■ Your assignment ■
Give back the full listing verbatim, apart from its images.

■ Exercise data ■
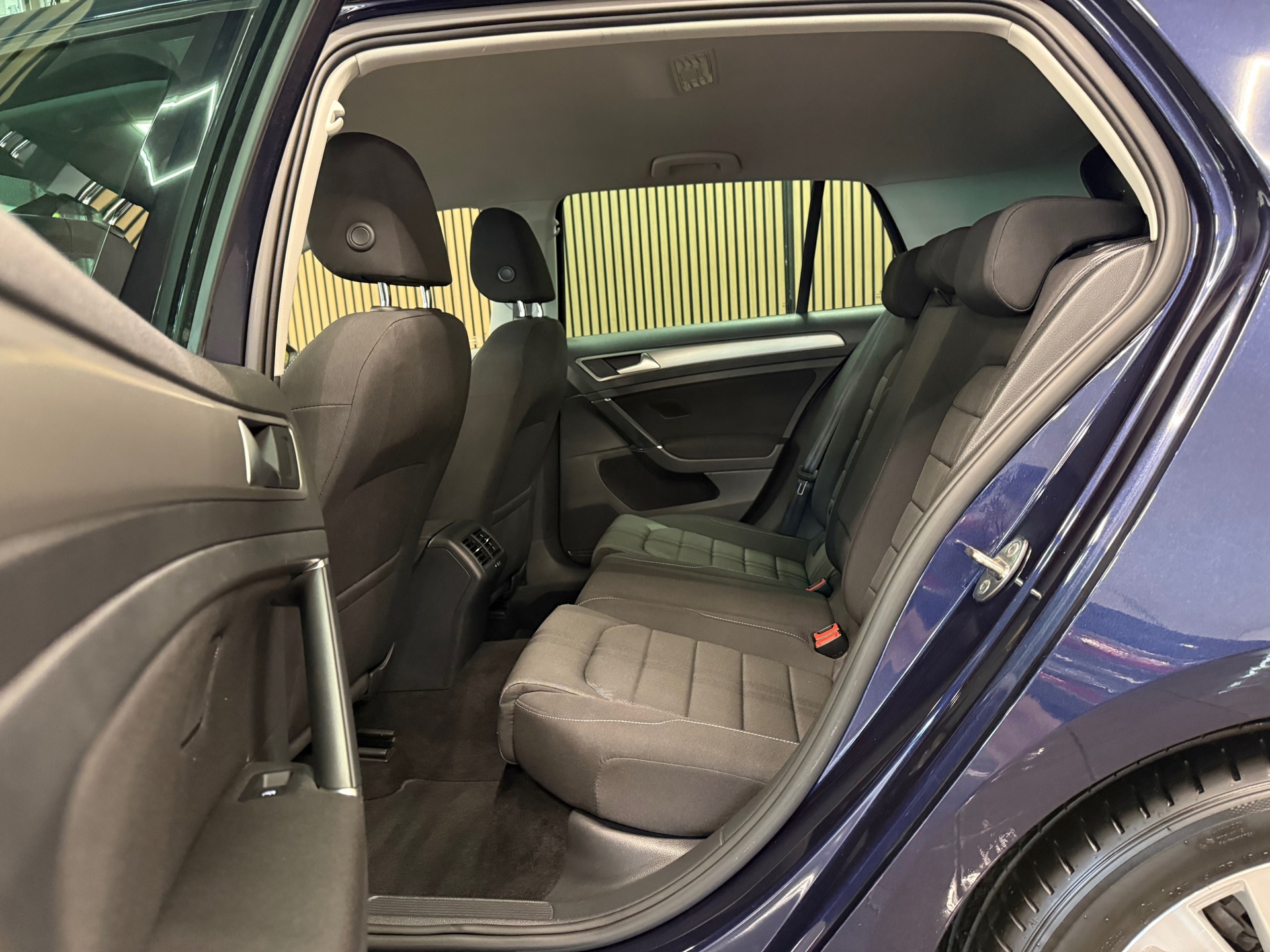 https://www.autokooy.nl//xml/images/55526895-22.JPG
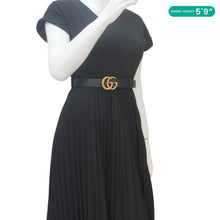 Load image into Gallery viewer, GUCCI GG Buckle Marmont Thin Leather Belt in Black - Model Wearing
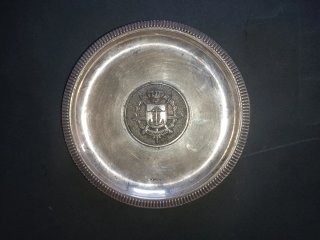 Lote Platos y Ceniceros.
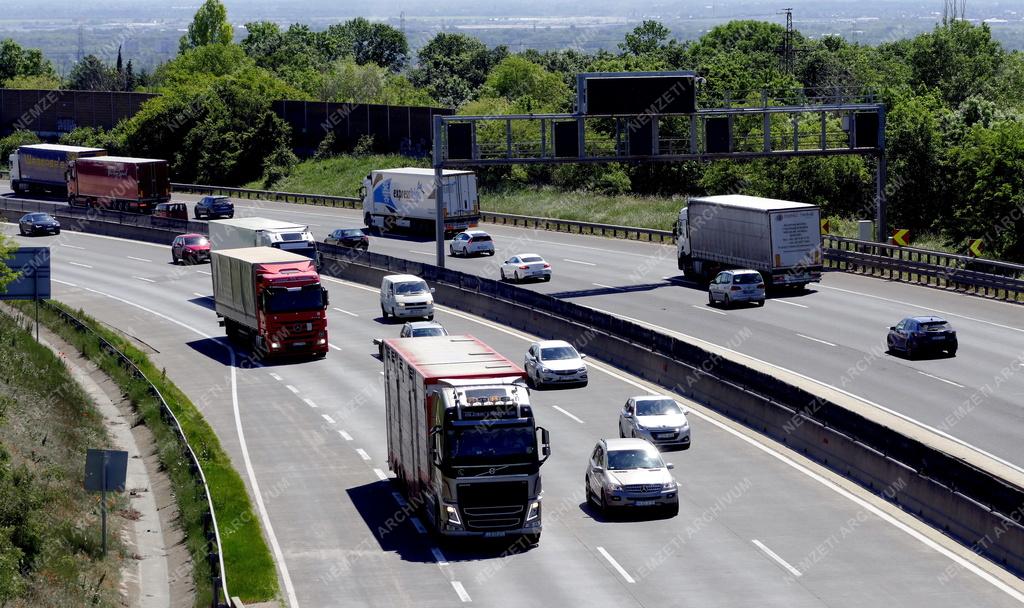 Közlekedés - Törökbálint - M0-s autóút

■ Result ■
 https://www.autokooy.nl//xml/images/55526895-22.JPG
 Load image into Gallery viewer, GUCCI GG Buckle Marmont Thin Leather Belt in Black - Model Wearing
 Lote Platos y Ceniceros.
 Közlekedés - Törökbálint - M0-s autóút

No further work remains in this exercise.